2017 年 6 月 19 日 月曜日 投稿者:ニチコミ

こんにちは、oyoneです。

突然ですが、みなさんは最近巷をちょっと賑わせた「注文をまちがえる料理店」というレストランをご存じですか? なんだか有名な童話を彷彿させる店名ですよね。

実はこれ、認知症の方がフロアで働く料理店なんです。期間限定でオープンしています。

注文を取りに来た従業員が全員認知症なわけですから、オーダーしても頼んでいないメニューが運ばれる可能性もなきにしもあらず。だから、注文を「まちがえる」料理店、というわけなんです。

認知症の患者は、今現在サポートの対象として位置付けられています。実際、ここのフロア全員が自立での生活は難しく、福祉サービスを利用しています。しかしこのレストランをレポートした記事では、みなさん楽しそうに働いていました。

認知症と言えば本人も周囲も苦労のつきないマイナスなイメージが付随しがちですが、支援される立場にとどまらず「ワクワクする」仕事を当事者たちにこうして提供できるというのは、未来を予感させる事業だと思います。

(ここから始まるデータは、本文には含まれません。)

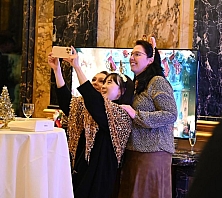 2024-12-13-(19h41m00s)-DSC_3570-(mama-razzi).JPG 2024-12-13-(19h41m00s)-DSC_3570-(mama-razzi).JPG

実際訪れたお客さんの反応を見ると、肯定的です。まちがうことをむしろ楽しんでいます。

「誰もがいつまでも活躍できる社会」は、それを実現する制度や構造を構築することも大切ですが、制度やシステムがなくとも、もっと身近に、そのような社会を実現する方法があるのではないでしょうか。

「誰 もがいつまでも活躍できる社会」のためには、難しいことを考える必要はありません。ただ、まちがった料理がきても笑って流せるようになればいいんです。他 でもないあなたが、私が許すことを覚えたら、きっと呼吸しやすくなる。そうして「誰もがいつまでも活躍できる社会」に一歩近付く。

入社して、あまり大きく取りざたされていないニュースに、そんな風に思いました。